[Scraped caption text data]

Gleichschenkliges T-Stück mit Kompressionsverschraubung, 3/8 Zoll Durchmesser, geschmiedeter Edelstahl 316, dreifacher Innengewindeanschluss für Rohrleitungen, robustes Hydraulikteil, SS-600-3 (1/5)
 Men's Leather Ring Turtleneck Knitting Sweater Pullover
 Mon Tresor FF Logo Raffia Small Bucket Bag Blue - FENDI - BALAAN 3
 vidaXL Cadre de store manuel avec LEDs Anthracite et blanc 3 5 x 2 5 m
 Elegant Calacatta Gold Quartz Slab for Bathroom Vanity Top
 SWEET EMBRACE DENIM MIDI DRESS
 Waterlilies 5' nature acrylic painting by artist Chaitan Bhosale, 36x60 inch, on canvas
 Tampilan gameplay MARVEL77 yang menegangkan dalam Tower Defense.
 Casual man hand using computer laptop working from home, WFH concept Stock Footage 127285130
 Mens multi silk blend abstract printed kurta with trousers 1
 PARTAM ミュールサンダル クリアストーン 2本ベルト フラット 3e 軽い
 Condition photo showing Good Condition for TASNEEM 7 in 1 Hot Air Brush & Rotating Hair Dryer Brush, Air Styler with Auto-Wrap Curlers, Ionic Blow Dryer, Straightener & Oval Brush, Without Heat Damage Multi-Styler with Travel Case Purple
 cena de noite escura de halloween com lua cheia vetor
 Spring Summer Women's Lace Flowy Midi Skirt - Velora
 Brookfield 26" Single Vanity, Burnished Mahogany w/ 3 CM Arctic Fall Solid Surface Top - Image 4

• [Task details] Set out every record in full, exactly as given.

• [Result for this task]
Gleichschenkliges T-Stück mit Kompressionsverschraubung, 3/8 Zoll Durchmesser, geschmiedeter Edelstahl 316, dreifacher Innengewindeanschluss für Rohrleitungen, robustes Hydraulikteil, SS-600-3 (1/5)
 Men's Leather Ring Turtleneck Knitting Sweater Pullover
 Mon Tresor FF Logo Raffia Small Bucket Bag Blue - FENDI - BALAAN 3
 vidaXL Cadre de store manuel avec LEDs Anthracite et blanc 3 5 x 2 5 m
 Elegant Calacatta Gold Quartz Slab for Bathroom Vanity Top
 SWEET EMBRACE DENIM MIDI DRESS
 Waterlilies 5' nature acrylic painting by artist Chaitan Bhosale, 36x60 inch, on canvas
 Tampilan gameplay MARVEL77 yang menegangkan dalam Tower Defense.
 Casual man hand using computer laptop working from home, WFH concept Stock Footage 127285130
 Mens multi silk blend abstract printed kurta with trousers 1
 PARTAM ミュールサンダル クリアストーン 2本ベルト フラット 3e 軽い
 Condition photo showing Good Condition for TASNEEM 7 in 1 Hot Air Brush & Rotating Hair Dryer Brush, Air Styler with Auto-Wrap Curlers, Ionic Blow Dryer, Straightener & Oval Brush, Without Heat Damage Multi-Styler with Travel Case Purple
 cena de noite escura de halloween com lua cheia vetor
 Spring Summer Women's Lace Flowy Midi Skirt - Velora
 Brookfield 26" Single Vanity, Burnished Mahogany w/ 3 CM Arctic Fall Solid Surface Top - Image 4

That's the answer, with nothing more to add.